(Exercise input)

---*---

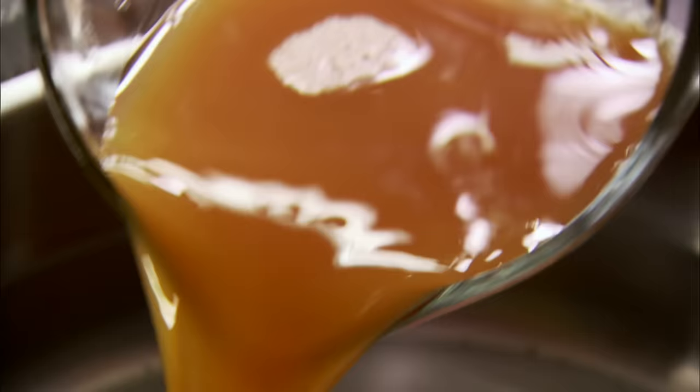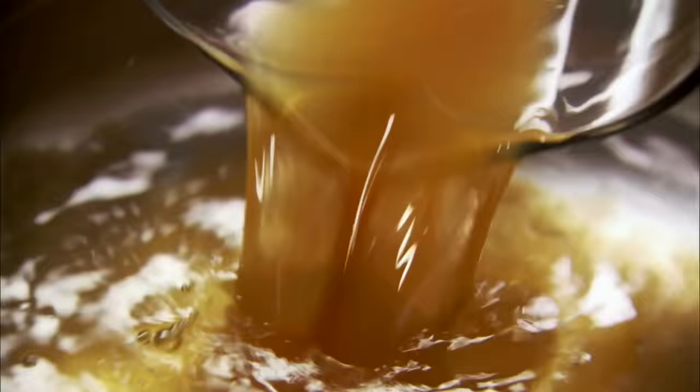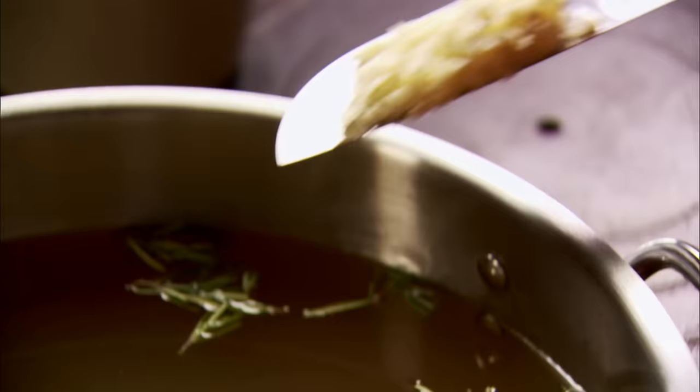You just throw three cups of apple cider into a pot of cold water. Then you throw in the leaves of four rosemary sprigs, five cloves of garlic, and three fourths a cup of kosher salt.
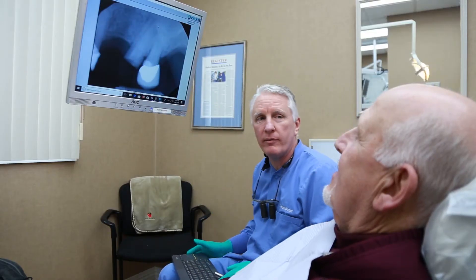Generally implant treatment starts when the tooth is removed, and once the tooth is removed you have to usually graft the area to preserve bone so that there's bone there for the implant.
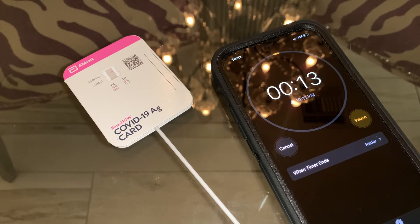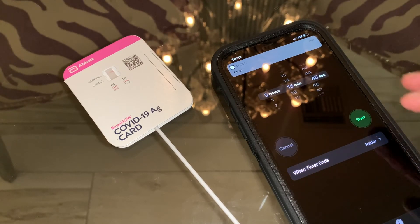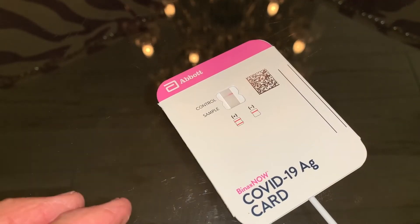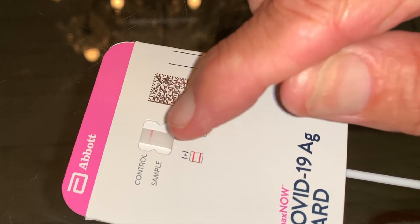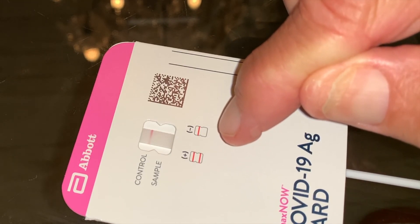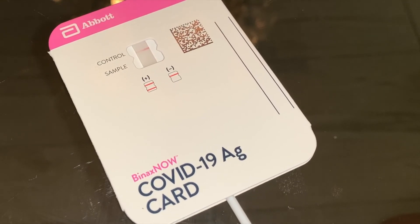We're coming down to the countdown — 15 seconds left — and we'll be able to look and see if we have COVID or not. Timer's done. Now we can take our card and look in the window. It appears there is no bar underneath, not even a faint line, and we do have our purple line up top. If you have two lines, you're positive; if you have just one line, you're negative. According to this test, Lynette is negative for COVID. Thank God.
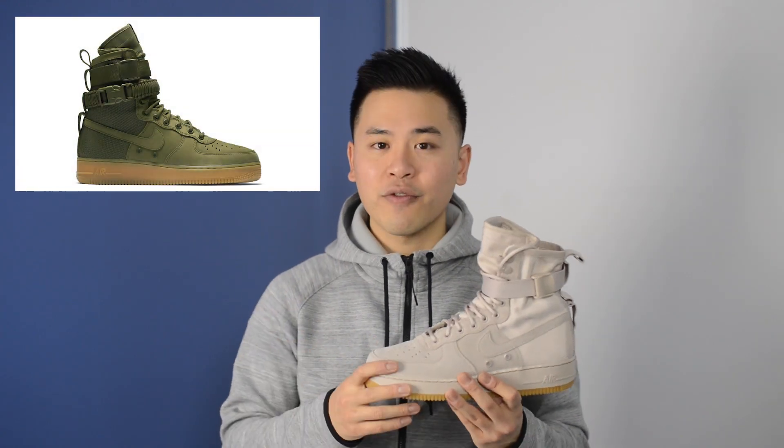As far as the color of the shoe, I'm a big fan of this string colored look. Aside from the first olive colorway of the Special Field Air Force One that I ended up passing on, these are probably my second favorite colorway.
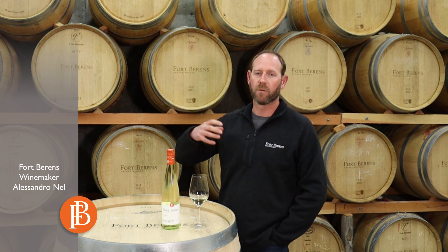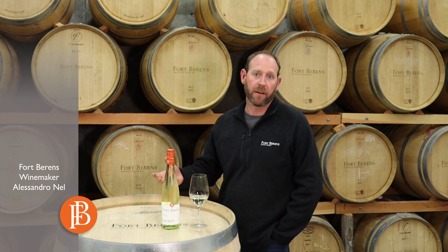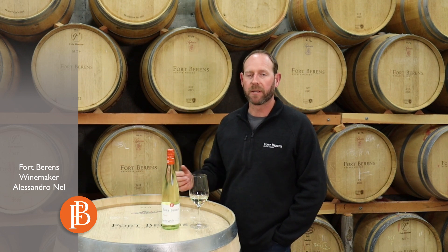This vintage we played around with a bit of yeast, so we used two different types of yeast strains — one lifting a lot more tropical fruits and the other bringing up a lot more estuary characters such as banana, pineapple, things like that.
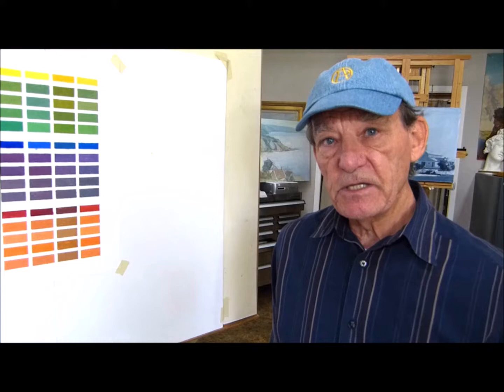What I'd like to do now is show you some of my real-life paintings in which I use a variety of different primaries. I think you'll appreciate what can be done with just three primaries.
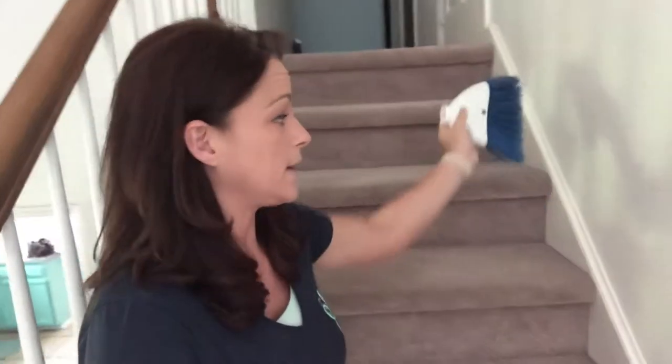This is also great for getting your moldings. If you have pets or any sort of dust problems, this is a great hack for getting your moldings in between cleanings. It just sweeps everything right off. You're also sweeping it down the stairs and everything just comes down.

---*---

(To do)
Find the line holding "This vintage we" in the data above. Retype it and every later line exactly, through the end, but not the pictures.

(Reply to the exercise)
This vintage we played around with a bit of yeast, so we used two different types of yeast strains — one lifting a lot more tropical fruits and the other bringing up a lot more estuary characters such as banana, pineapple, things like that.
What I'd like to do now is show you some of my real-life paintings in which I use a variety of different primaries. I think you'll appreciate what can be done with just three primaries.
This is also great for getting your moldings. If you have pets or any sort of dust problems, this is a great hack for getting your moldings in between cleanings. It just sweeps everything right off. You're also sweeping it down the stairs and everything just comes down.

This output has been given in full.